Tak lama kemudian aku tiba di Sorobayan. Di dalam ruang tamu gelap yang hanya diterangi cahaya kecil dari lampu minyak itu, aku bisa melihat nenek dan kerabatku dari Pakem yang sudah sejak kemarin mengungsi di sini. Masker putih tampak menutup hidung dan mulut mereka. Aku melepas masker yang sejak tadi menutup mukaku dan langsung saja aroma belerang pekat merangsek masuk ke dalam hidungku. Kepanikan pada dini hari itu berhasil membuatku lupa bahwa sejam yang lalu kondisi badanku sedang dalam level terendah. Akupun memilih merebahkan badan daripada melihat situasi terakhir Kali Gendol bersama bapak. Sekitar jam tiga pagi, listrik kembali menyala. Aku segera menyetel TV untuk mengetahui berita terkini. Beberapa reporter tampak melaporkan situasi terkini terkait letusan terdahsyat Merapi sejak erupsi pertama 26 Oktober. Bapak yang sejak tadi memantau situasi sekitar, sudah kembali dan menginformasikan bila lahar panas telah mencapai chekdam Dusun Plumbon. Bapak menceritakan kisahnya melihat rumah – rumah terbakar.
Pagipun tiba, kami memutuskan untuk kembali pulang. Namun beberapa saat kami merasa tenang, tiba – tiba aku mendengar Pak RT meminta semua warga untuk berkumpul di Balai Desa Sindumartani karena aliran lahar telah mencapai Dusun Plumbon.

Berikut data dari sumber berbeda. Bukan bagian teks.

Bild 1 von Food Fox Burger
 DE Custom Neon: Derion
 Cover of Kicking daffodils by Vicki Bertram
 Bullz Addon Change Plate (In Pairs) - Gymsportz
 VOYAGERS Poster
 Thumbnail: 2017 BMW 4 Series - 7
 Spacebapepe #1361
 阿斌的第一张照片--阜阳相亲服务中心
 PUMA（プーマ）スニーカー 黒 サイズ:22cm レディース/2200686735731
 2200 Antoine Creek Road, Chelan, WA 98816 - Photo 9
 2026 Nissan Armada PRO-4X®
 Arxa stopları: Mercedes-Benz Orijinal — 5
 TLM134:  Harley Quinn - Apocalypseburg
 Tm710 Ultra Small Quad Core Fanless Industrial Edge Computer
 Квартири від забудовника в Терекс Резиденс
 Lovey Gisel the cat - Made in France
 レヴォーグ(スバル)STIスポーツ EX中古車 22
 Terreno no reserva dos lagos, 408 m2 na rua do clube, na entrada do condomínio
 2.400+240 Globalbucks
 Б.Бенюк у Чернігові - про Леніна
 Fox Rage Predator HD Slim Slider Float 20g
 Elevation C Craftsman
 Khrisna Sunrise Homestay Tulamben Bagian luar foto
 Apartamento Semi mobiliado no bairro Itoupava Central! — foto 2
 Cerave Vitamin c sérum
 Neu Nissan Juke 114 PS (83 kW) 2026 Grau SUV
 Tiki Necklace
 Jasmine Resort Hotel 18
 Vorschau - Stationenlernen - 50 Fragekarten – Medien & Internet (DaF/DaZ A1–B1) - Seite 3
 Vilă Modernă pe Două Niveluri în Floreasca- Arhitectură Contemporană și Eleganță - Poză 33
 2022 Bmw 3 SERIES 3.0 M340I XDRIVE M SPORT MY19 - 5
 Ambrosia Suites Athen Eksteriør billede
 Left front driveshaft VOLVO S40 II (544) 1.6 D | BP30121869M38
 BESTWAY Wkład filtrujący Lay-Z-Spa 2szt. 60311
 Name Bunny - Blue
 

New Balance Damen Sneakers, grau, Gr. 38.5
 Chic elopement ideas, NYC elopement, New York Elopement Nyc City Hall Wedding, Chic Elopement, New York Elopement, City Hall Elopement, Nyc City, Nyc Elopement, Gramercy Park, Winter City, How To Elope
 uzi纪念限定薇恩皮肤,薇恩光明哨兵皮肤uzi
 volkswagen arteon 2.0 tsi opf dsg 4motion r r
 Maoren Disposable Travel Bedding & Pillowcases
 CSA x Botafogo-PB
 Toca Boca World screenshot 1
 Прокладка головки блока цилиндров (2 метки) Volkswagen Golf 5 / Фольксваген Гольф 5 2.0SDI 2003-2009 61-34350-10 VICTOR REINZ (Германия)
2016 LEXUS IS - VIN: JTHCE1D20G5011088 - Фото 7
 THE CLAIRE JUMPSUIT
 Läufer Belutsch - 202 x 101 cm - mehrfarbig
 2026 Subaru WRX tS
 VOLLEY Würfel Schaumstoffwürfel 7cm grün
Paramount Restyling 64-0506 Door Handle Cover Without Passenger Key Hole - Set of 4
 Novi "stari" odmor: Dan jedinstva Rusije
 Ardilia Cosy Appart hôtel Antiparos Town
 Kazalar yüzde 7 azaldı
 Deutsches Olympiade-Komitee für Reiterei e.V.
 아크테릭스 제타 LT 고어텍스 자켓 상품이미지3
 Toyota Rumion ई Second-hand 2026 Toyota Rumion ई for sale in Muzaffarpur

Tanpa membuang waktu, aku mengantar ibu dan adikku ke Sorobayan. Kemudian aku meluncur ke balai desa yang hanya berjarak 100 meter dari rumah paman. Di sana sudah berkumpul warga dengan barang bawaan mereka. Tampak juga lalu lalang ambulans dan kendaraan tim SAR melintas menuju utara. Kami mendapat informasi bahwa warga akan diungsikan ke Stadion Maguwoharjo. Tak lama dua truk besar dan beberapa kendaraan milik TNI tiba di balai desa. Ketika warga berangkat, aku menjemput ibu dan adikku untuk segera meluncur ke rumah pakdhe di daerah Monjali. Sementara nenek dan kerabatku mengungsi di rumah saudara di Piyungan.